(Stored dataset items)
========

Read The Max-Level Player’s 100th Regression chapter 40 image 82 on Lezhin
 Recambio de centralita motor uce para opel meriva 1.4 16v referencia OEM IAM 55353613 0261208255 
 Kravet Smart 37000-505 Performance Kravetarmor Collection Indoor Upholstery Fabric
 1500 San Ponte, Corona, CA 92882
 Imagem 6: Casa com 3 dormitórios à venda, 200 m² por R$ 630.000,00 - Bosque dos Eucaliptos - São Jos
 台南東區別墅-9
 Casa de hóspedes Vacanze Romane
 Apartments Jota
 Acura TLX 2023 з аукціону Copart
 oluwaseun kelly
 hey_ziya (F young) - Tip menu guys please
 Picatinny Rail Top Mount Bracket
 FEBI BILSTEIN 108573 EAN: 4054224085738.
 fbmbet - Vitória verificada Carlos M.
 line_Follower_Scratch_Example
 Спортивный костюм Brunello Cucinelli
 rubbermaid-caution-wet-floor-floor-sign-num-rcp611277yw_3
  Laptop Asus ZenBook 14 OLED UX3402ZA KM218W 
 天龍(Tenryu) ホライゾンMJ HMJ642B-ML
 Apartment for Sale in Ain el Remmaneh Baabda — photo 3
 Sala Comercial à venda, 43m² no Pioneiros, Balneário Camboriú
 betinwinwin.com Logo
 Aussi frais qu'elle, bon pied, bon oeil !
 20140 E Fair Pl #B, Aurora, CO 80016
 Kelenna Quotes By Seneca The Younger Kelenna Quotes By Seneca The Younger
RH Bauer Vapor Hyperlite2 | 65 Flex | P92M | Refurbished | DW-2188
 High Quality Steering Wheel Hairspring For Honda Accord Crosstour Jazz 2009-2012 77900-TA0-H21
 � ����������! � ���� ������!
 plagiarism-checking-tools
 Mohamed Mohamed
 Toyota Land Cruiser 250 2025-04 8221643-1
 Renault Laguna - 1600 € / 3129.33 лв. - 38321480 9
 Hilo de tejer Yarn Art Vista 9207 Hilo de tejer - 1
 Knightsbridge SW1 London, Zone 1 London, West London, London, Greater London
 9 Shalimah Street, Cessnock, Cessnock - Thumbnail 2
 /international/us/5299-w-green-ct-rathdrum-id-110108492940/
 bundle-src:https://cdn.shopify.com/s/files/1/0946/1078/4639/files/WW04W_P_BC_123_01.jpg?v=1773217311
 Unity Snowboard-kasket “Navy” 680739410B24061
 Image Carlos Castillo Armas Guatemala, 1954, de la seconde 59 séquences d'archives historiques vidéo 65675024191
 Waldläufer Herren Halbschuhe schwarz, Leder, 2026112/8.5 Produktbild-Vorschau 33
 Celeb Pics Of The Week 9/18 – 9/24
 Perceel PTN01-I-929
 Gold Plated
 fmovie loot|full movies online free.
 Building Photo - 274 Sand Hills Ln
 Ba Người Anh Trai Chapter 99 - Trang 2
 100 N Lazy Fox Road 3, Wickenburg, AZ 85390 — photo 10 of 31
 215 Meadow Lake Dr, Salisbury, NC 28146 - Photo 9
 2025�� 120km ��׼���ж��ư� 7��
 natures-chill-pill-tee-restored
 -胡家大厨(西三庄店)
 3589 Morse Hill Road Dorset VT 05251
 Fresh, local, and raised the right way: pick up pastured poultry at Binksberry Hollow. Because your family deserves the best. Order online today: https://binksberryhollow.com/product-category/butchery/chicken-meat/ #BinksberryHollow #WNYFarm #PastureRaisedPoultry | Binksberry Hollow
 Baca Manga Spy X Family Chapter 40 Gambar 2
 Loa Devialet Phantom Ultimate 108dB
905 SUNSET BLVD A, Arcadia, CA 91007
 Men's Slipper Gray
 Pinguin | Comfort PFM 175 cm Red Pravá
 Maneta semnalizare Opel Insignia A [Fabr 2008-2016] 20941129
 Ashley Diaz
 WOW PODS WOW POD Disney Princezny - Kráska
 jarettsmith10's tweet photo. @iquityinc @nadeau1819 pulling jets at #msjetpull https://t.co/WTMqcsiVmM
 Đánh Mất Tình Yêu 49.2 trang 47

========

Working through the records above, establish how many lines contain the string "venda", and reply with the number by itself.

• _Solution for this task_
2